Demis Hassabis, DeepMind's chief executive, called it the beginning of a new era of digital biology. Eric Topol, a prominent American scientist, declared it a great day for artificial intelligence in the life sciences. Yet the announcement also surfaced a harder question: what happens when you give the world the ability to predict protein structures with such speed and precision? The same knowledge that enables the design of life-saving medicines could theoretically enable the creation of biological weapons or toxins.
DeepMind consulted more than thirty biosecurity and ethics experts before releasing the database publicly. The company concluded that the benefits—accelerated drug discovery, faster development of defenses against biological threats, the simple accumulation of human knowledge—outweighed the risks.

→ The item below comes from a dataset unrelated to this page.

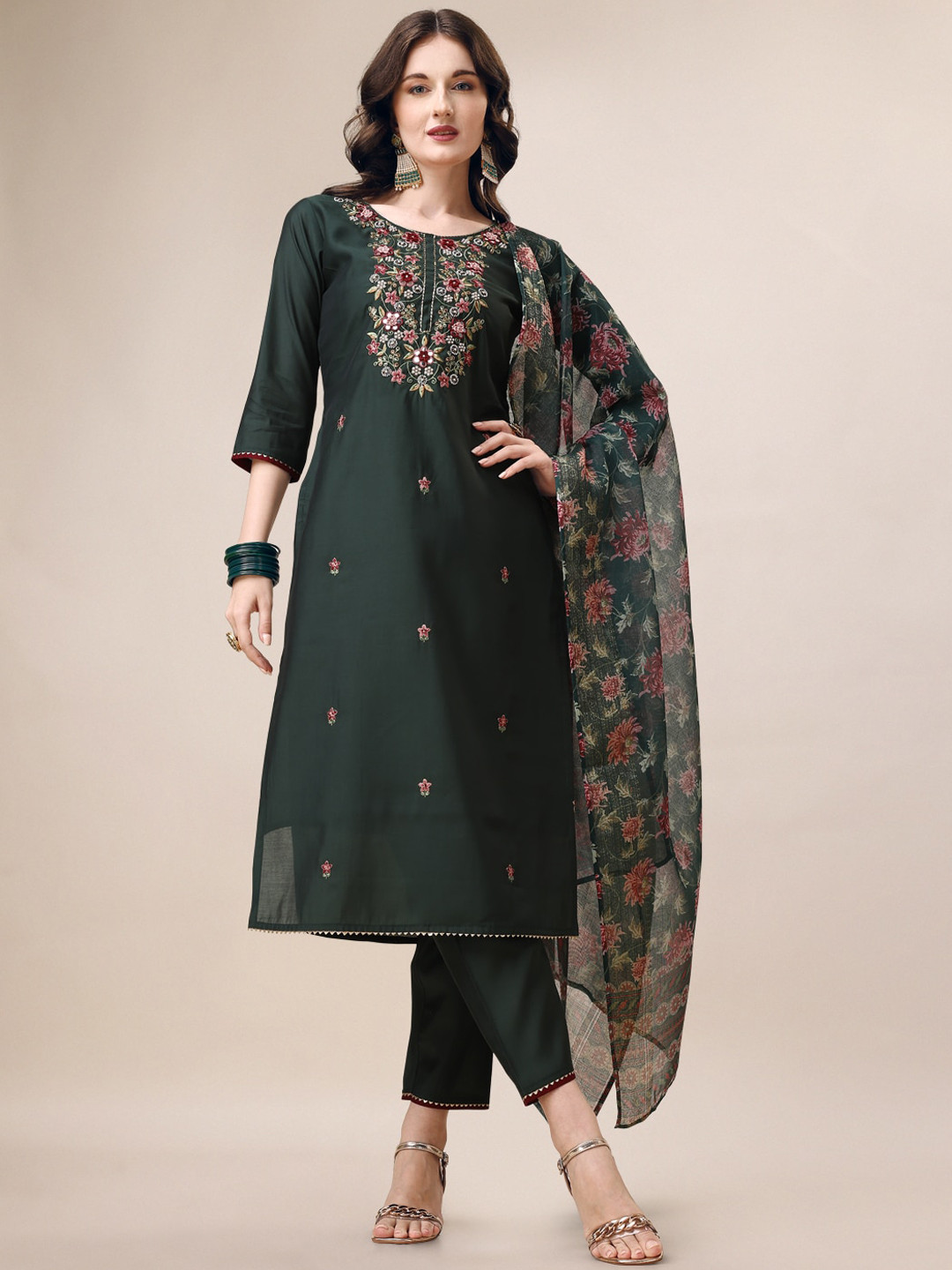 

KALINI Floral Beads & Stones Embroidered Regular Kurta With Trousers & Dupatta, Green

Ewen Birney, director of the European Bioinformatics Institute, argued that entities with the intent and capability to weaponize such information would be vanishingly small, and that AlphaFold would ultimately make human biologists more effective at their work, not less. The database is now live, accessible to anyone with an internet connection. What comes next depends on how the scientific community uses it.
Citações Notáveis
Essentially, this covers the entire universe of proteins. We are at the beginning of a new era of digital biology.— Demis Hassabis, CEO of DeepMind
A great day for artificial intelligence in the life sciences.— Eric Topol, American scientist
A Conversa do Hearth Outra perspectiva sobre a história
Why does it matter that a computer can predict protein shapes faster than a lab can?

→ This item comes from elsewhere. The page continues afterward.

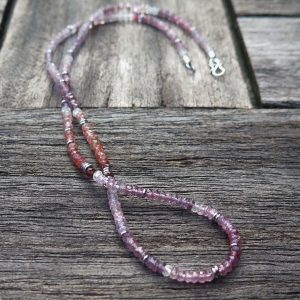 Zirkon Kette rosa lila mit  585/- Weißgold   Unikat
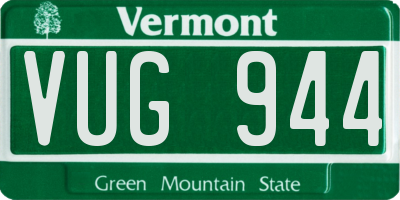 VT license plate VUG944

Because the shape is everything. You can't design a drug to fight a disease if you don't know what the target protein looks like. Labs used to spend months or years figuring that out. Now it takes seconds. That's not just faster—it changes what's possible.
But couldn't this knowledge be dangerous? Couldn't someone use it to build something harmful?
Yes, that's the real tension. DeepMind asked that question directly. They talked to thirty experts in biosecurity. The conclusion was that the people with the intent to cause harm are already small in number, and they'd face enormous practical barriers even with this tool. The upside—curing diseases that have been neglected because they're poor—seemed to outweigh the downside.
Who benefits most from this?
Researchers in the poorest parts of the world, studying diseases that rich countries ignore. Leishmaniasis, Chagas disease. These kill thousands of people a year but get almost no funding because the victims are poor. Now a scientist in a lab with limited resources can do work that would have been impossible before.
Is this the end of the protein-folding problem?
It's the end of one chapter. We can now predict structures with remarkable speed. But understanding what those structures mean, how to actually use that knowledge to build better drugs—that's still hard. The tool is revolutionary. The work is just beginning.